Given the monumental logistical and political barriers to the implementation of such a tax, it’s hard not to see Piketty’s heralded Capital as feeding popular pessimism about the existence of any alternatives to the United States’ drift into what former New York State Tax Commissioner James Wezler calls “a plutocratic dystopia characterized by wealth inequality approaching that of ancien régime France.” Piketty feeds the “de facto mental slavery” (David Barsamian) of our time: the widespread sense of powerlessness and isolation shared by millions of citizens and workers and the intimately related idea that there’s no serious or viable replacement for – and nothing much that can be done about – the dominant order.

Given all this and more, including its oversized and tedious nature, why was Piketty’s Capital in the 21st Century such a big hit with relatively well-off, highly “educated” and supposedly “left”-leaning, bi-coastal US liberals this last spring and summer?

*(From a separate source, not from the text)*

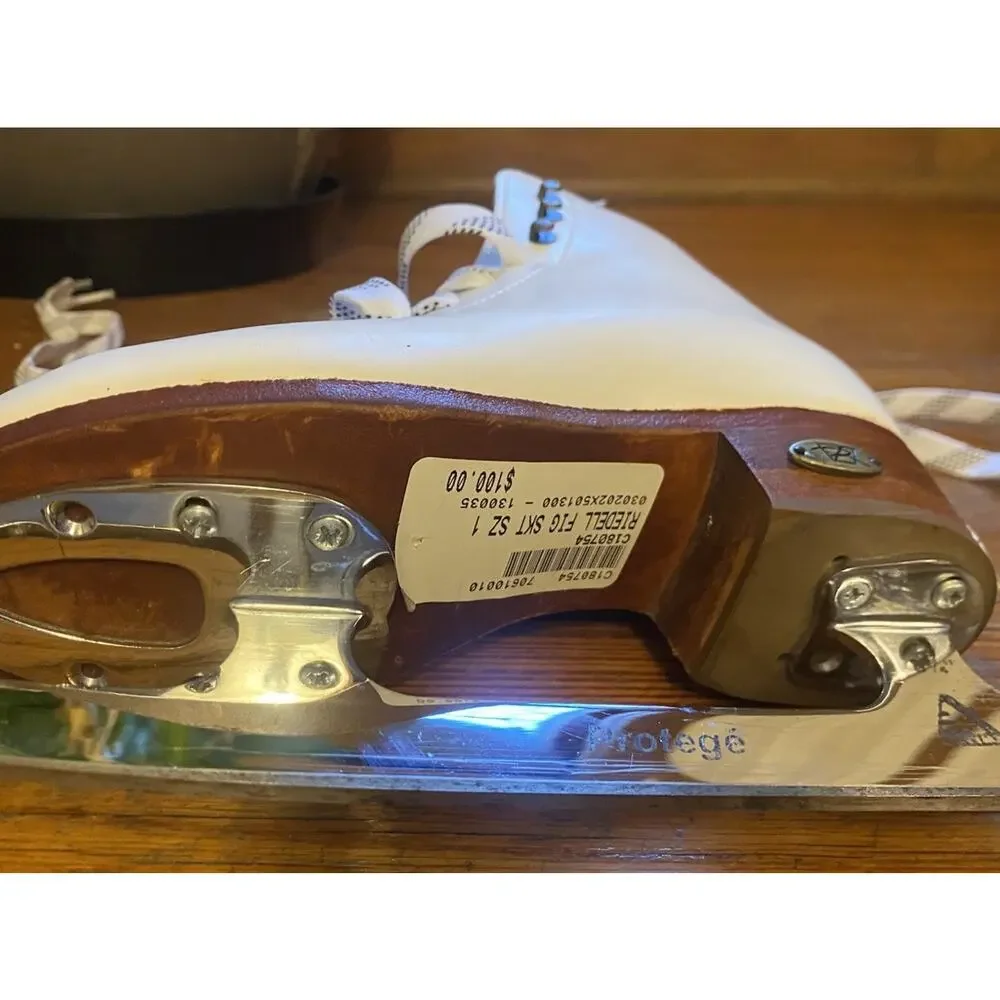 Riedell 25 Motion Figure Skates Girls Size 1 Medium - Picture 9 of 11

Dean Baker, co-director of the Center for Economic and Policy Research, got to the heart of the matter last May, at the peak of the Piketty craze. In an email to Columbia University journalism professor Thomas B. Edsall, Baker wrote that “a big part of the appeal is that it allows people to say capitalism is awful but there is nothing that we can do about it.” The author of a comprehensive domestic policy agenda for reducing inequality, Baker told Edsall “that many people will feel that they have done their part after struggling through a lengthy book on economics, and now they can go back to their vacation homes and say it’s all a shame.”

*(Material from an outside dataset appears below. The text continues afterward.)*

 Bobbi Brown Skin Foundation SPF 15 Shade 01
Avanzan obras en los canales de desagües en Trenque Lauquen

It takes a lot more time and energy to read Piketty’s Capital in the 21st Century than it does to vote for Barack Obama. Still, it’s hard to miss the parallel here. Like poking a ballot card for the fake-progressive president, purchasing (and maybe even working through some of) Piketty’s book seems to help some liberals think they’ve made a contribution to solving the world’s injustices even while it asks them to do nothing of substance to fight inequality and justifies that nothingness by suggesting that nothing much can be done anyway.

Paul Street’s new book is  They Rule: The 1% v. Democracy(Paradigm, September 2014)

Notes

1. This is not to say that the first Monday in September is the most appropriate day for such reflection, historically speaking. It isn’t.  May First is. For reflections on the reactionary business class considerations behind the official US Labor Day’s dating at the beginning of September rather than May 1st/May Day (the international workers’ day commemorating the Eight Hour Day Struggle in Chicago in 1886), see Ken Layne, “Labor Day is a Scam to Keep You Poor and Miserable Forever,” Gawker (August 30, 2013).  Thanks to Matt Gardner for this source.

2.  For an account of declining inequality in the mid-20th century US that is sensitive to the role of workers and unions, see Paul Krugman, The Conscience of a Liberal (New York, 2007), Chapter 3, “The Great Compression.”